Monday 3 September 2007

Open Text comes back to life

After a period in the doldrums, Open Text is looking like a hot company again.


Shares in the Canadian firm shot up 25 percent late last week on the back of outstanding financial results with licence growth up sharply and overall quarterly revenue up from $105.2m a year ago to $175.2m. That’s a remarkable rise for a sector that some say is slowing and is often characterised as being full of veterans under threat from Microsoft and other menaces.


Some experts said the stock jump was in part because investors are looking for safe havens in a market that is deemed to be rebounding, unlike the financial services sector that is taking a hammering. Certainly, IT bellwethers such as Intel, Microsoft and Cisco are also up although none so much as Open Text.

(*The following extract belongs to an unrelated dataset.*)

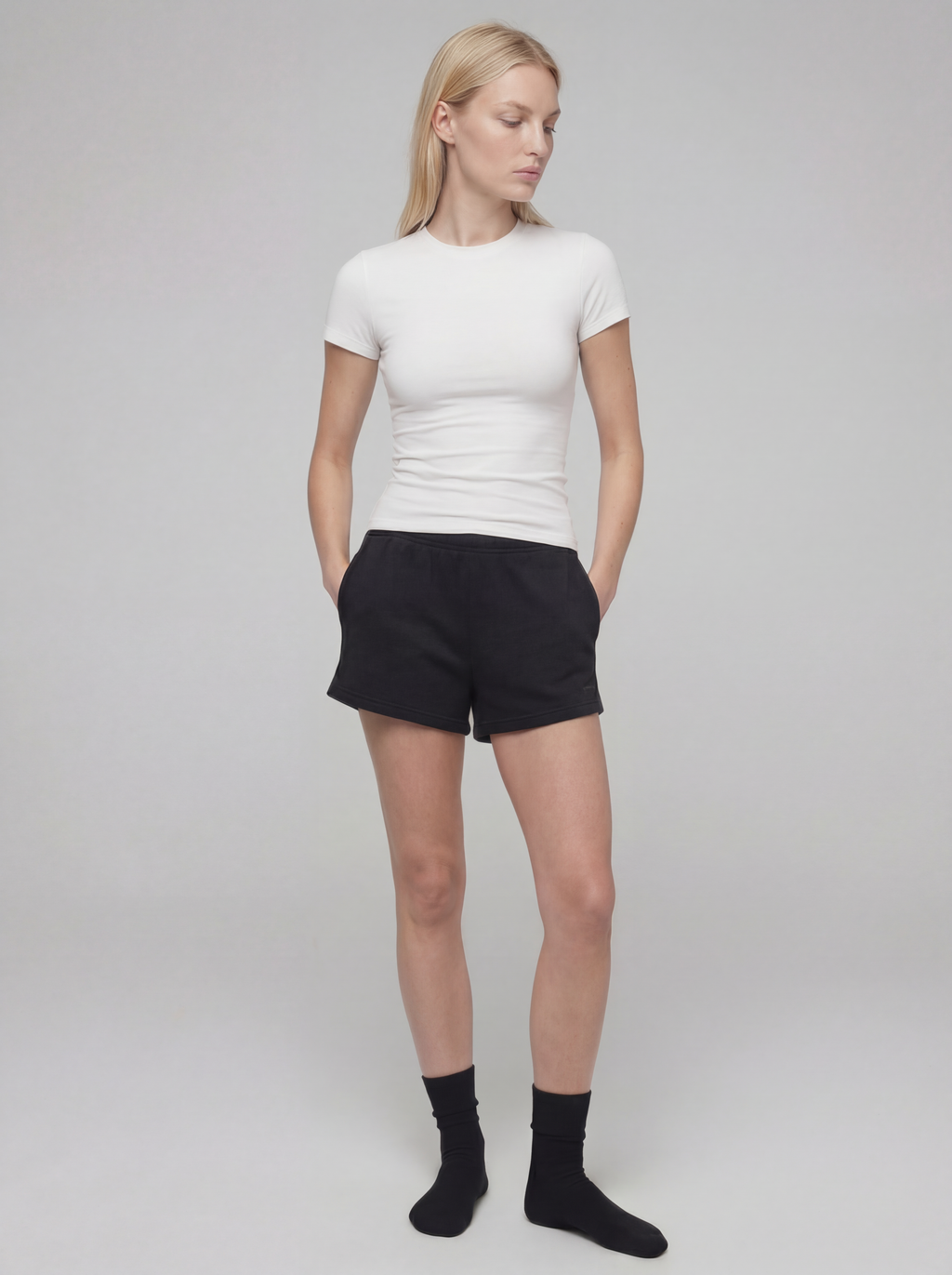 SculptFit Performance Tee xx HERO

The real reason Open Text is suddenly so popular is that it is performing. The company said the integration of Hummingbird and work on bolstering its partner channel had gone well. Good for Open Text, a straight-talking company that tends to keep marketing BS down to a minimum and sometimes pays a price for its modesty.

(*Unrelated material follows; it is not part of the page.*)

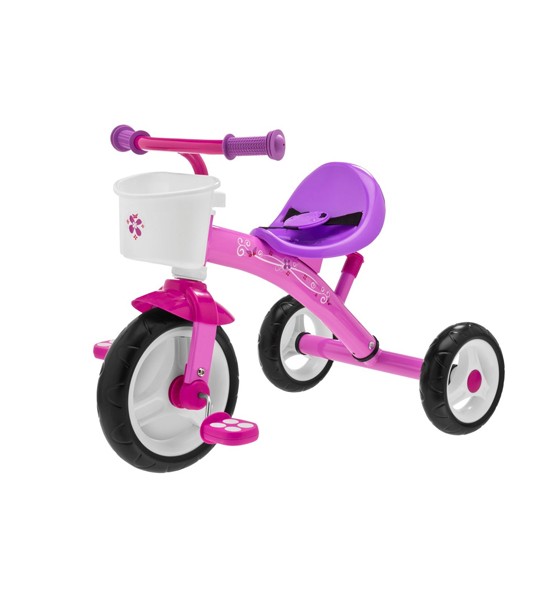 Triciclo U-GO Chicco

Becoming a $1bn-revenue company still looks a long way off but the shooting stock price might at last put to bed (for a short while, anyway) the argument that as the biggest of the last remaining big ECM firms not owned by an IT giant, Open Text will soon be swallowed up by an SAP or other behemoth.


Open Text's performance is probably also a reminder that hard-won domain knowledge still has value and that veterans of the sector won't be displaced without a battle.